What is needed: Go to the line below containing "Twyford Alcona Basin" and print exactly from there through the line containing "Kšiltovka adidas BBCAP", both included. Print nothing else.

[Collected data entries]
● ● ● ● ●

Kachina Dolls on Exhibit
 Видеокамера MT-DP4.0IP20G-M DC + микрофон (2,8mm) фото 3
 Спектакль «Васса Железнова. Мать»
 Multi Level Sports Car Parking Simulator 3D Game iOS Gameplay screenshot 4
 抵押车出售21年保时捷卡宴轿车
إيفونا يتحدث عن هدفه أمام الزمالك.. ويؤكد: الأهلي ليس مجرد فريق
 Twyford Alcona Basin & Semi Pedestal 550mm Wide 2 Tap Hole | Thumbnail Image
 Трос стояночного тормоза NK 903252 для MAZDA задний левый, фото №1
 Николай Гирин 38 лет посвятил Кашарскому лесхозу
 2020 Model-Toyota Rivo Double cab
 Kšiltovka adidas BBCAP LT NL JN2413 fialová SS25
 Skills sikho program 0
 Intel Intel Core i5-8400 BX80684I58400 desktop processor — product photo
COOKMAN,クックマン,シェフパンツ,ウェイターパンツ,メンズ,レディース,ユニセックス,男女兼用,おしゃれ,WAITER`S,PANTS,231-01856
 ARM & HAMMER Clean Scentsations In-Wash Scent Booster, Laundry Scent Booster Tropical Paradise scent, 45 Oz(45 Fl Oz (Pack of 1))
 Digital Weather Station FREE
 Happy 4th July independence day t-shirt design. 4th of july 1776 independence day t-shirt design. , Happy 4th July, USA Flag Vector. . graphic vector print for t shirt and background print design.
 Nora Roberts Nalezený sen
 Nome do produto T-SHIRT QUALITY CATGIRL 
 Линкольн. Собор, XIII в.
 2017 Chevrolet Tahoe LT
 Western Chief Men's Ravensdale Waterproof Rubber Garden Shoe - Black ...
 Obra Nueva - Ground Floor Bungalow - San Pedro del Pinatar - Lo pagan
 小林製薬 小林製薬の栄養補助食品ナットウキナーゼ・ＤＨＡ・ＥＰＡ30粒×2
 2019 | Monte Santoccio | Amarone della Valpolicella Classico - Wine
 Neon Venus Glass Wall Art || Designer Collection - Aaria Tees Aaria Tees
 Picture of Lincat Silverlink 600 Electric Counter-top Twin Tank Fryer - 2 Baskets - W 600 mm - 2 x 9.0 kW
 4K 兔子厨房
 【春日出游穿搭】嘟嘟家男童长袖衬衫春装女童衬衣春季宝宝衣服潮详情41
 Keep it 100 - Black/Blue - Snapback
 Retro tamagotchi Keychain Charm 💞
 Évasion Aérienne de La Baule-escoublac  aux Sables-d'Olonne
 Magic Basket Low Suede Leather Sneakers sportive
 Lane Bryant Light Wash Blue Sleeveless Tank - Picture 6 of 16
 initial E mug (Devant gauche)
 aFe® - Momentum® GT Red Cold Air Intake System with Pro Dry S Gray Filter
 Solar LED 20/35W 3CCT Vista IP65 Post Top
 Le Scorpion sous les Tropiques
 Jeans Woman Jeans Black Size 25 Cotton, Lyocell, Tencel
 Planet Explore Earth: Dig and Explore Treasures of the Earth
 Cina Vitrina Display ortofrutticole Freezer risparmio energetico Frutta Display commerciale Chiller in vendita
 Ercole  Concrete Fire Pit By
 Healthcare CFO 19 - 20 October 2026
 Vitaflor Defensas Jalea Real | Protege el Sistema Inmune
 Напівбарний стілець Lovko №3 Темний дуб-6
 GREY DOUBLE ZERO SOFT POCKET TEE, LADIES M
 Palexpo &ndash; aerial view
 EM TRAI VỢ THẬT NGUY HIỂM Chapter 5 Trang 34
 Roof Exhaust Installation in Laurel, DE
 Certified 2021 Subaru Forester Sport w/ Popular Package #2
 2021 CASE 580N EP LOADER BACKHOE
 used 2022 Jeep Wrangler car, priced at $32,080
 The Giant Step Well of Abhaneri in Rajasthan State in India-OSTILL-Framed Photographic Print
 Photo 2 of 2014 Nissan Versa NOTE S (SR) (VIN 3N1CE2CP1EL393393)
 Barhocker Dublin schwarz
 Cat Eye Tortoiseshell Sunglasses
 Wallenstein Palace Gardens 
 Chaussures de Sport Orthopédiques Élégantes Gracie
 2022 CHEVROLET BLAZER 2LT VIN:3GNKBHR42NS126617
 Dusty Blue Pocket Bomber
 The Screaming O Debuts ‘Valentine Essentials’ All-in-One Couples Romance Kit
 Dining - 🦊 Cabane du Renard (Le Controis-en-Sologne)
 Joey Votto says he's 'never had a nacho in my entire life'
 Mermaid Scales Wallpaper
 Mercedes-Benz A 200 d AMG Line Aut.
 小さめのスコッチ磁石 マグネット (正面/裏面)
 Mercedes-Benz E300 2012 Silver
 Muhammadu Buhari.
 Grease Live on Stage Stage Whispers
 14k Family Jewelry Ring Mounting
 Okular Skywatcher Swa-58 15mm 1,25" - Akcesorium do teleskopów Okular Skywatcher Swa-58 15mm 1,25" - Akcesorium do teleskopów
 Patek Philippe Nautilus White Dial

● ● ● ● ●

Completed task:
 Twyford Alcona Basin & Semi Pedestal 550mm Wide 2 Tap Hole | Thumbnail Image
 Трос стояночного тормоза NK 903252 для MAZDA задний левый, фото №1
 Николай Гирин 38 лет посвятил Кашарскому лесхозу
 2020 Model-Toyota Rivo Double cab
 Kšiltovka adidas BBCAP LT NL JN2413 fialová SS25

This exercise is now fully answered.